→ Input data

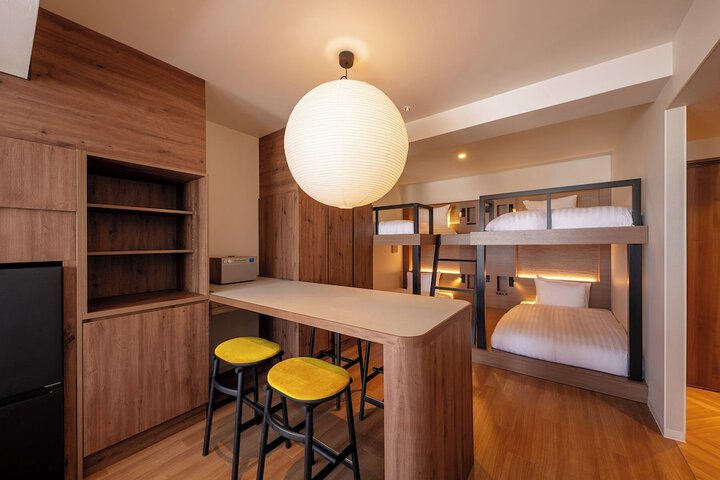 Room 6 of 46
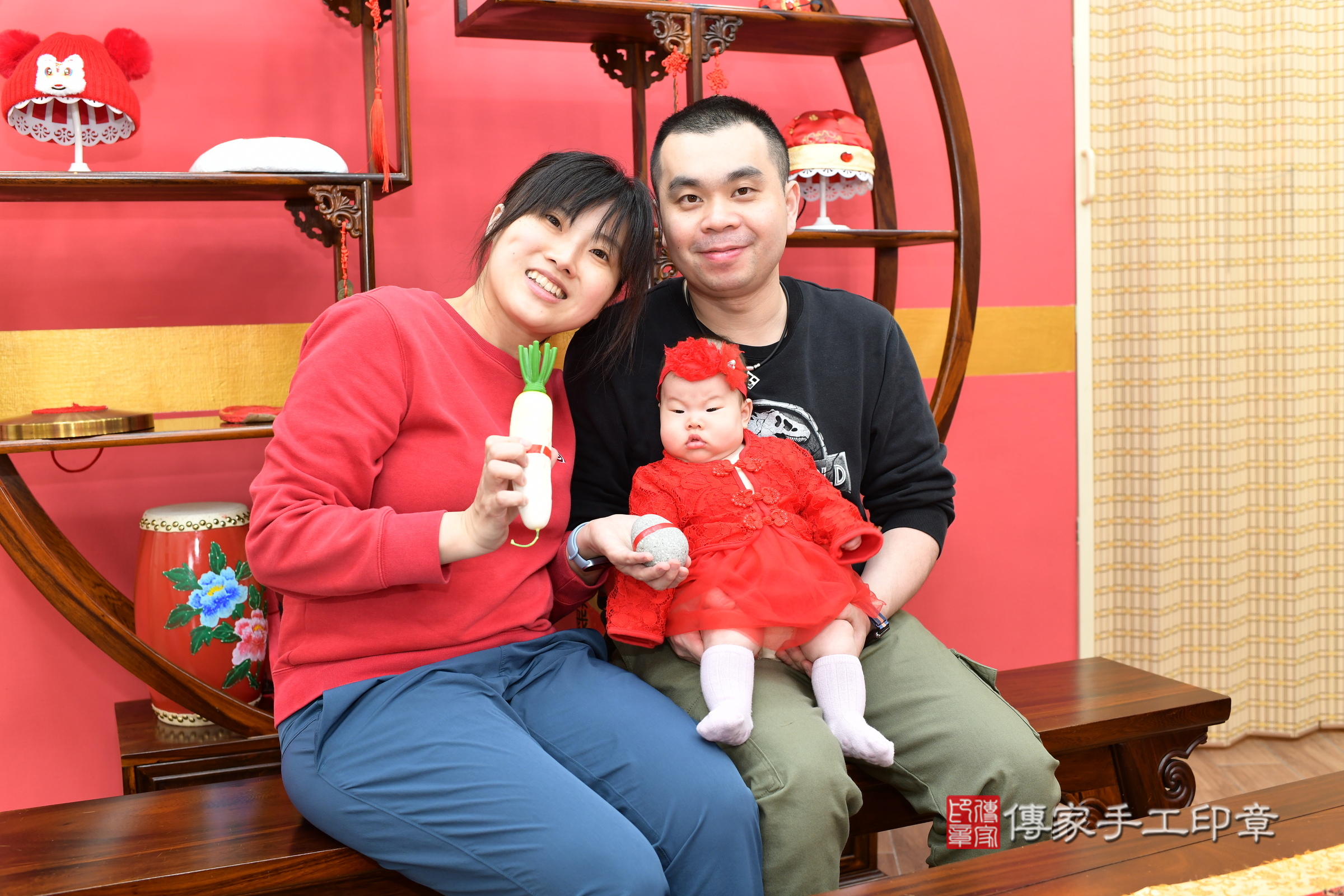 小曦寶寶(新北市永和區嬰兒寶寶滿月剃頭理髮、嬰兒剃胎毛儀式吉祥話)。中國風會場，爸媽寶貝穿「日中韓」古裝禮服。專業拍照、證書。★購買「臍帶章、肚臍章、胎毛筆刷印章」贈送：剃頭、收涎、抓周，三選一。2025.3.29，照片8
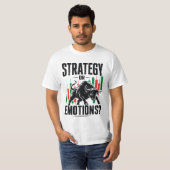 戦略か感情か 雄牛トレーディングマインドセットデザイン Tシャツ (正面フル)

→ Exercise details
Transcribe the listing above verbatim. No picture belongs in the result.

→ Solution below
 Room 6 of 46
 小曦寶寶(新北市永和區嬰兒寶寶滿月剃頭理髮、嬰兒剃胎毛儀式吉祥話)。中國風會場，爸媽寶貝穿「日中韓」古裝禮服。專業拍照、證書。★購買「臍帶章、肚臍章、胎毛筆刷印章」贈送：剃頭、收涎、抓周，三選一。2025.3.29，照片8
 戦略か感情か 雄牛トレーディングマインドセットデザイン Tシャツ (正面フル)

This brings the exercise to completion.